In Netezza, the star schema has functional value but (configured wrong) is a performance liability. We can mitigate this problem by simply reformulating the star to align with the machine's physics, and by adapting our "purist" modeling practices to something more practical and adaptable. After all, many modeling practices are in place specifically because doing otherwise makes a traditional platform behave poorly. If we forklift those practices to Netezza, we participate in casting-the-long-shadown of an underperforming platform onto the Netezza machine.
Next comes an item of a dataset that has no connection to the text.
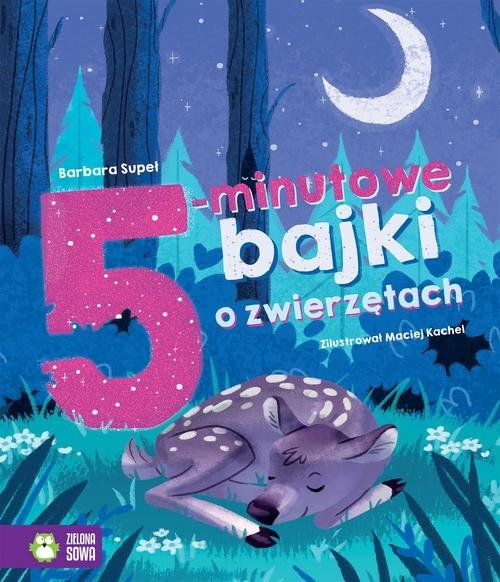 Bajki na dobranoc 5-minutowe bajki o zwierzętach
We have enormous freedom in Netezza to shape the data the way we want to use it and make it consumption-ready both in content and performance. We should not move from a general-purpose platform (using a purpose-built model like a star) into a purpose-built platform with a general-purpose model like a star. The odd part is that the star is an anomaly in a load-balancing, traditional database, but is seen as purpose-built for that platform. Exactly the opposite is true in Netezza. The machine is purpose-built and the star is only another general-purpose model that doesn't work as well as a model that is purpose-built for Netezza physics and for user needs.
The worst thing we can do of course is think-outside-the-box (the Netezza box). We really need to think-inside-the-box and shape the data structures and queries to get what we want. This mitigates the long-shadows. It's just a matter of adapting traditional thinking into something practical for the Netezza machine.